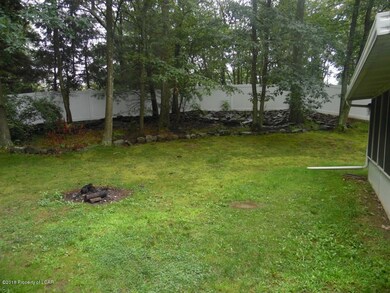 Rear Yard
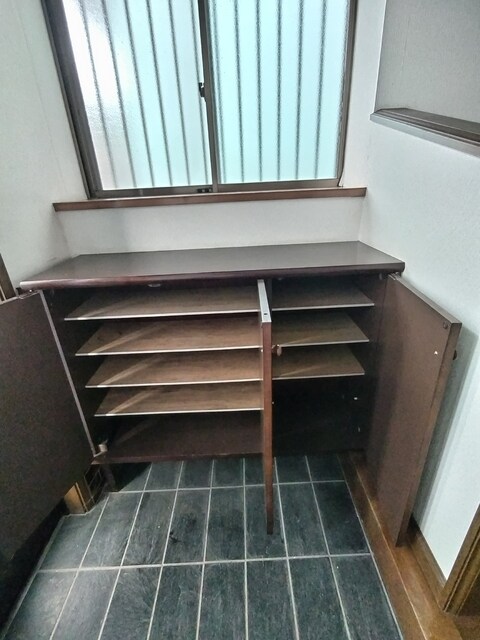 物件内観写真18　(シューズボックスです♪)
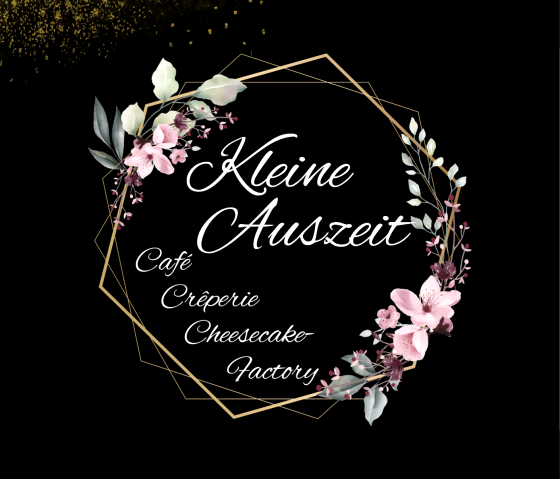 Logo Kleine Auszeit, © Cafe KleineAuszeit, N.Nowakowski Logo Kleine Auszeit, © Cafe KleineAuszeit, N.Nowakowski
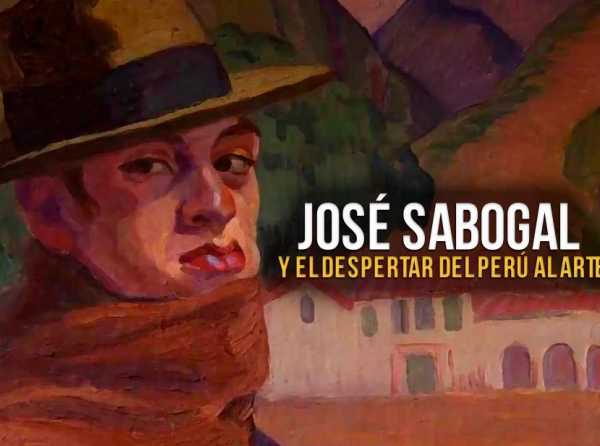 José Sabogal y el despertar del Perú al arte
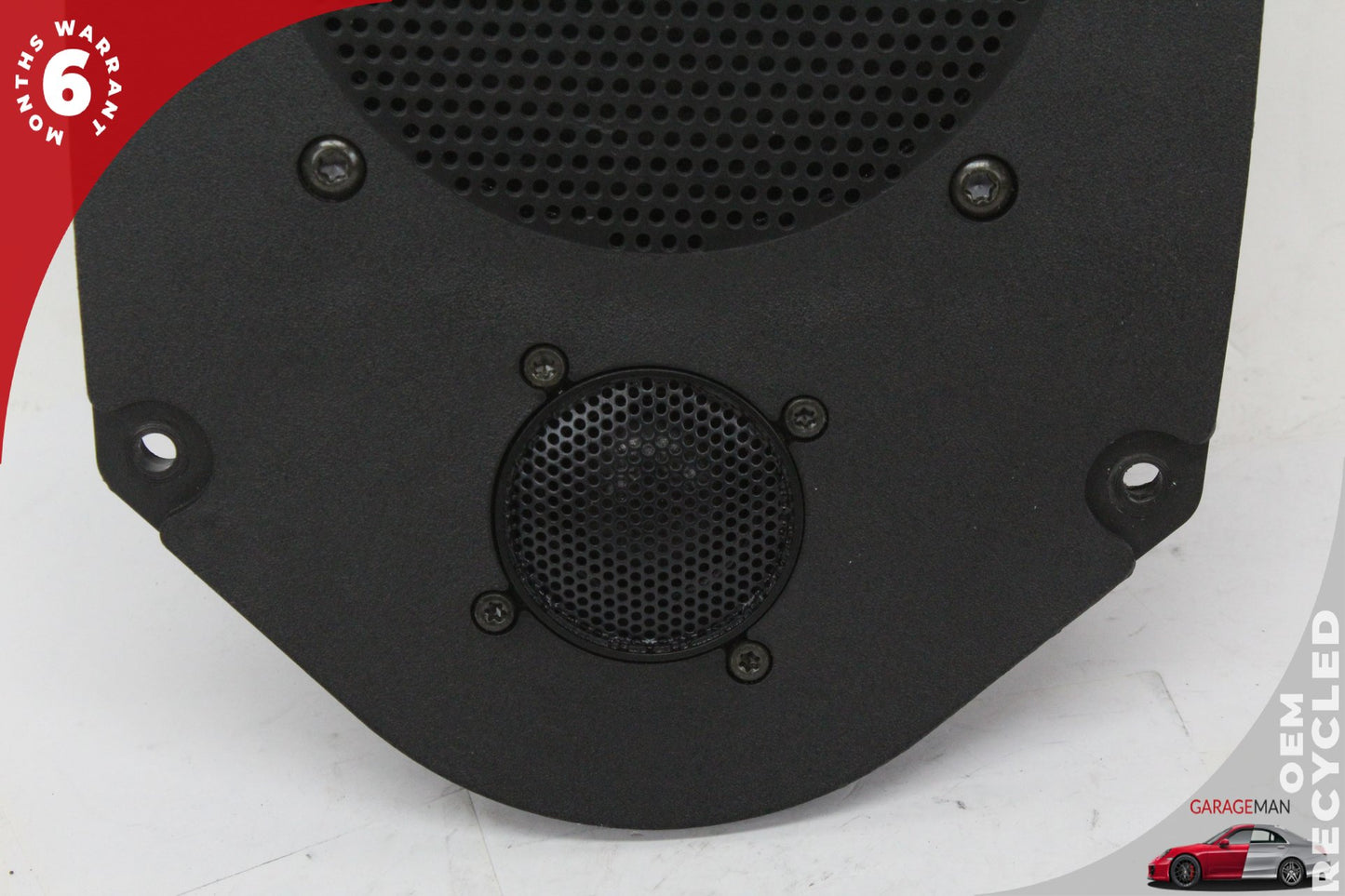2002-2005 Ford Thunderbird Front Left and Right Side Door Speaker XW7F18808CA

Task directions: Your answer must be exactly the lines from the one with "Logo Kleine Auszeit, © Cafe KleineAuszeit, N.Nowakowski Logo" through the last line of the entries, both included, with no pictures; please add nothing else.

Worked solution:
 Logo Kleine Auszeit, © Cafe KleineAuszeit, N.Nowakowski Logo Kleine Auszeit, © Cafe KleineAuszeit, N.Nowakowski
 José Sabogal y el despertar del Perú al arte
2002-2005 Ford Thunderbird Front Left and Right Side Door Speaker XW7F18808CA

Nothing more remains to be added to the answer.